Bap literally means steamed rice, and the English translation fails to capture the importance of the culinary staple, which is ever-present in my culture and language. It’s not just a question of sustenance — I know this is their expression of affection and care, akin to asking me if I’m doing alright.

Part of the Museum of the City of New York’s “Food in New York: Bigger Than the Plate” exhibition, “Rice Stories” shows how rice plays an integral role in the city’s culture and cuisine. The exhibit is tied together by the perspectives of chefs and food journalists. According to Anisha Rathod, a farmer and educator, rice is the backbone of cuisines worldwide, feeding many families and communities.

In the United States alone, 4.8 million metric tons of rice were consumed in the last fiscal year. China and India combined account for half of the almost 520 million metric tons of rice consumed worldwide. Oscar Lorenzzi — chef of Contento, a Peruvian restaurant located in East Harlem — said that unfortunately, rice does not always receive the recognition it deserves. 

“Rice never appears in a five-course, prix fixe in fine dining cuisines,” Lorenzzi said.  

Nonetheless, rice’s pivotal role goes beyond restaurant menus.
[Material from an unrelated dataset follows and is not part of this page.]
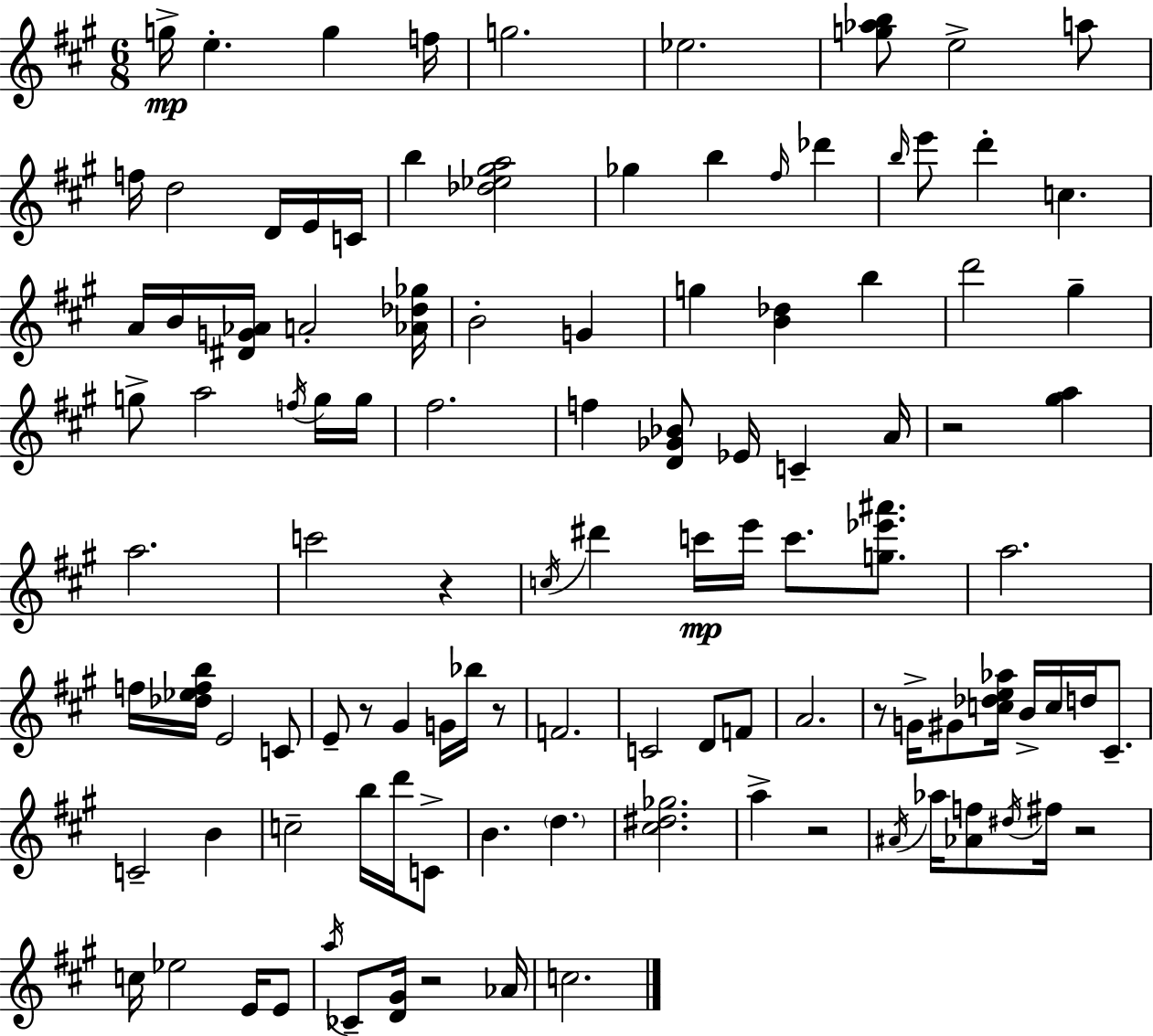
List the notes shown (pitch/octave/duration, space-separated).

In Haiti, rice forms an integral part of the local cuisine. It is used in Diri Kole ak Pwa, a rice and bean dish. Steinhardt senior Shereka Dauphine spoke about the way rice keeps her connected to her family and Haitian background.

“I eat rice almost everyday,” Dauphine said. “I don’t really cook much, but my family cooks rice a few times a week and eats it with dinner pretty much on a daily basis.”

Dauphine also said that the way her mother prepares rice often determines the rest of the meal.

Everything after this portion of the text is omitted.